Kenapa itu sangat mengakar dalam struktur masyarakat kita bahwa perempuan seperti tidak bisa melakukan apa pun terhadap catcalling dan laki-laki berfikir biasa saja untuk memperlakukan perempuan seperti itu atau bahkan mewajarkan hal tersebut. Tampaknya salah satu solusi yang mudah akan hal itu adalah pelarangan perempuan untuk pergi sendiri. Tetapi itu sama saja menyalahkan korban dan menyangkal akan hak asasi manusia. Argumen itu sama juga seperti menyalahkan korban perkosaan. Kata-kata seperti “kenapa kamu pakai baju seperti ini”, “kan kamu baik-baik saja”, “kenapa kamu keluar malam-malam adalah cara berpikir yang salah dan menyangkal hak asasi manusia. Semestinya laki-laki yang melakukan kejahatan itulah yang harus diubah, bukan korban. Seorang pencuri akan diminta oleh polisi untuk mengembalikan uang curian, berhenti mencuri di masa depan dan menghadapi konsekuensi perbuatannya. Tak seorangpun akan berfikir orang yang di rumah “mempertanyakan uang yang dicuri” karena uang disimpan di dalam rumah atau perlindungan keamanan tidak bagus.

Akhiri Ketika Itu Bermula

Budaya Catcalling harus diubah dan laki-laki harus menggerti dan mengakui hal yang mereka lakukan salah dan mereka harus menyampaikan itu ke teman-teman, tetangga, keluarga dan rekan. Pendidikan harus mulai sejak dini di di sekolah dan pemerintah harus menyediakan pelatihan. Meskipun hukum yang mengatur tentang catcalling akan sulit ditegakkan, upaya untuk menangani kasus tersebut  bisa menjadi salah satu tanda untuk perubahan. Pelecehan seksual di jalan mungkin masih jauh dibandingkan dengan kejahatan dari perkosaan, tetapi itu akan memulai objektifikasi, lelucon seksis, menekankan pelabelan berbasis gender yang akan mengarah pada pelecehan, ancaman, dan pelecehan verbal.[10] Hal tersebut adalah bentuk kekerasan psikologis dan itu menghalangi perempuan untuk merasakan kehidupan nyaman setiap hari dan memperkuat struktur kekuasaan yang timpang. Berbicara tentang “Budaya Catcalling” sedini mungkin dapat mencegah kejehatan yang lebih berbahasa di masa yang akan datang.

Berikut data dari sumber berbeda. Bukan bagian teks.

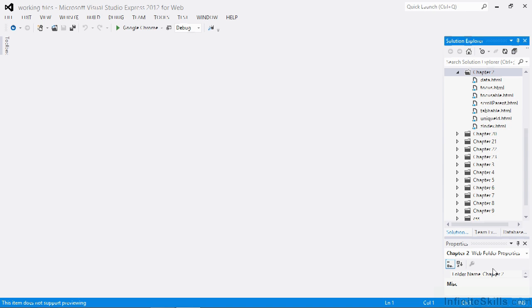The generated ID has the prefix ui-id-. A removeUniqueID method is also provided and should be used to remove the unique ID generated and applied by the uniqueID method. Thanks to the prefix used when IDs are generated, the method will have no effect if called on an element that doesn't have an ID added by the uniqueID method.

Pesan Penulis : Hai Catcaller, ketika kamu melecehkan perempuan di jalan, dia juga seorang anak, ibu, sepupu, saudara, isteri atau sahabat orang lain. Kalau orang yang kamu cinta mengalami hal seperti ini, bagaimana perasaanmu? Berhentilah melakukan pelecehan.

 

Ditulis oleh oleh Julian Martin, mahasiswa di Fakultas Hukum UGM dan Malin Klinski, mahasiswa di Fakultas Fisipol, UGM.

Ilustrasi gambar oleh Malin Klinski

 

[1]  http://stoptellingwomentosmile.com/About

[2] Hatch, Jenavieve. Moving art project puts men at the receiving end of catcalling. 02.09.2017. Huffington Post.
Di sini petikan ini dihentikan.